Mutual Funds

Your Fund Portfolio

Aarati Krishnan | Updated on July 15, 2018 Published on July 15, 2018

I am 34 years old and have two kids aged five and 10. I have ₹40,000 in surplus every month which I want to invest in mutual funds through the SIP route. I don’t have any existing investments in MFs and want to raise a corpus of ₹1 crore for my 10-year old for his education at 18; another ₹50 lakh for the wedding of my two children when they turn 24. I also need a corpus of ₹1 crore for my retirement at 60. Which funds should I invest in and how much?


Sorry, your financial goals are way ahead of your present savings and investment ability. You may have to rethink your goals and scale them down significantly. Even to get to your first goal of ₹1 crore in eight years, you will need to invest at least ₹60,000 a month.

Let’s assume that since you are starting out at a fairly high equity market level, your equity MFs fetch 12 per cent compounded annual return in the next eight years. At this rate, a monthly SIP of ₹40,000 will grow to ₹64 lakh in eight years. That’s the sum you can realistically expect to have when your son turns 18, at your current rate of savings.
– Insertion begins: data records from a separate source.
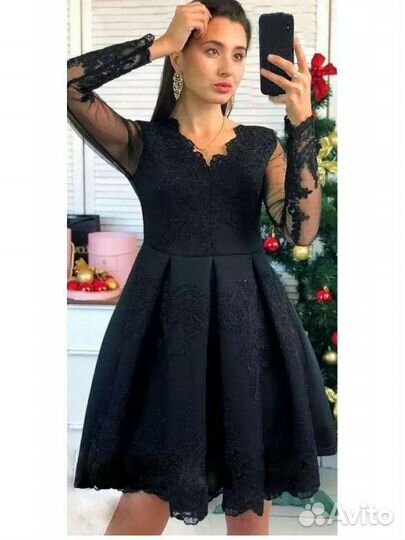 Вечернее платье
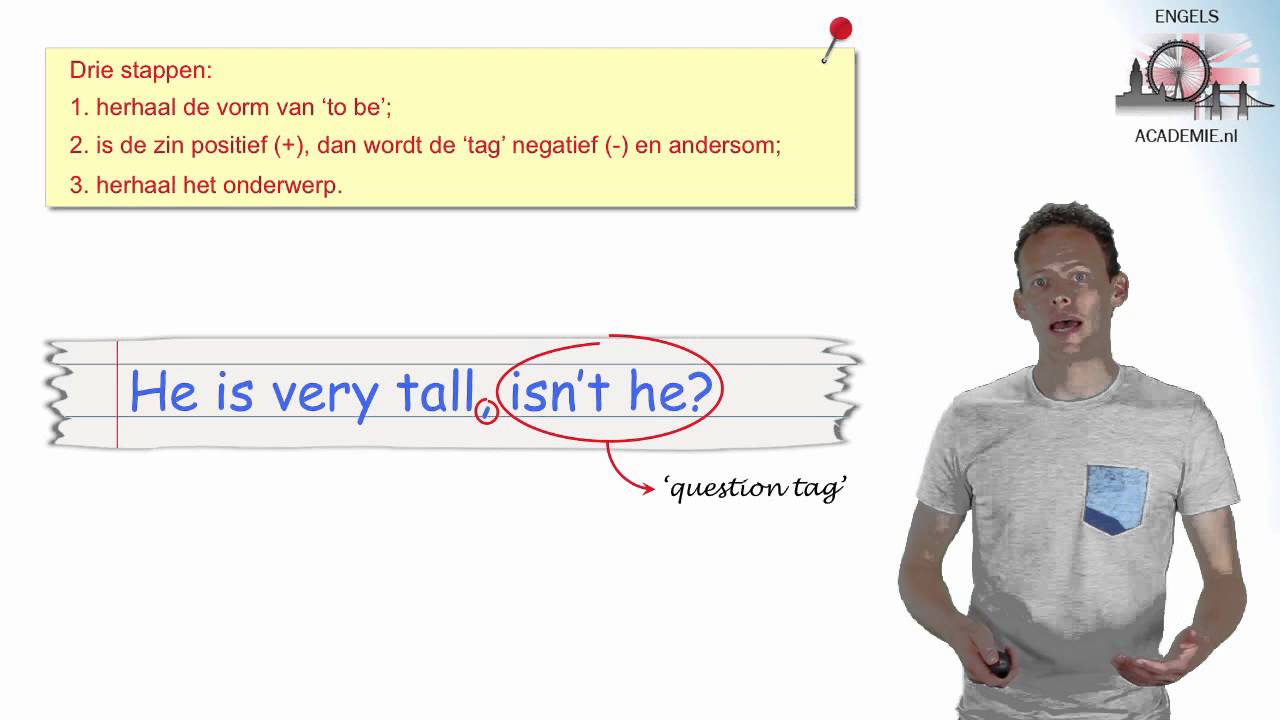 20 oraciones de tag questions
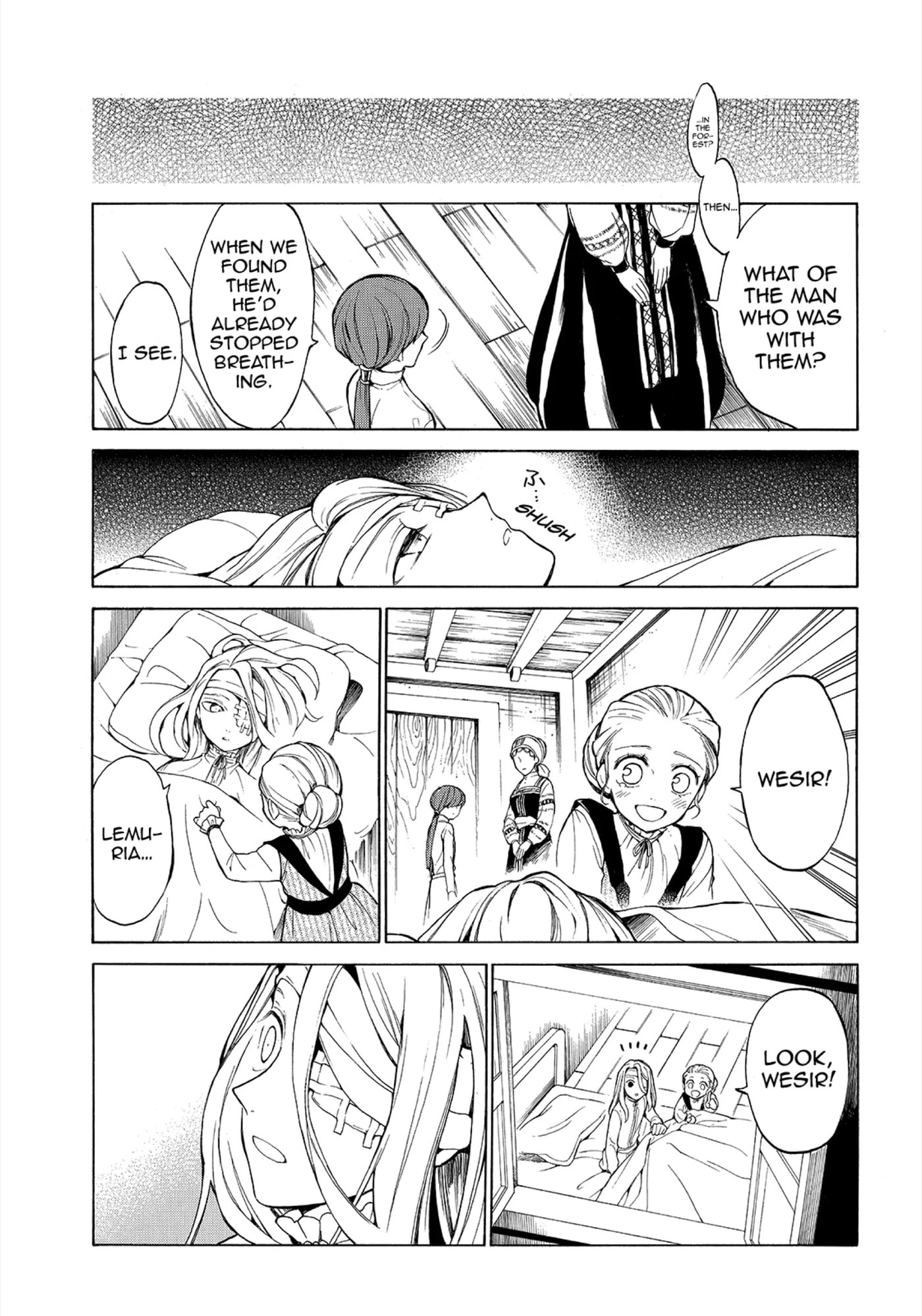 Shinigami to Gin no Kishi Chapter 27 page 21 -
If you use that up for his education and continue with the same SIP, even assuming a higher 15 per cent return from there, you can get to a corpus of about ₹46 lakh by the time he turns 24. If you use that up for the wedding, it will leave you with another five years to save for your younger child’s wedding. At 15 per cent rate, with ₹40,000 a month, you can end up with another ₹35 lakh over the next five years.

You will be 53 years of age when you are done with these goals, and in the remaining seven years of your career, if you continue to save ₹40,000 and invest at 15 per cent, you will be left with ₹59 lakh by the time you turn 60. But the value of money when you retire will be far lower than it is today due to inflation. At 7 per cent inflation rate, ₹59 lakh at your retirement age will be equal to just around ₹10 lakh in today’s rupees. That will be inadequate to see you though retirement.

Given this scenario, you must make your children’s education and your own retirement the top priorities at this point in time. We suggest that you invest at least ₹10,000 a month towards your retirement and ₹30,000 a month towards education for the next eight years. As your income increases over time, step up these SIPs. Once the education goal is met, increase your retirement savings and invest only the balance towards funding wedding expenses. Multi-cap equity funds such as Mirae Asset India Equity, Franklin India Focussed Equity and ICICI Pru Value Discovery are good funds to meet your needs.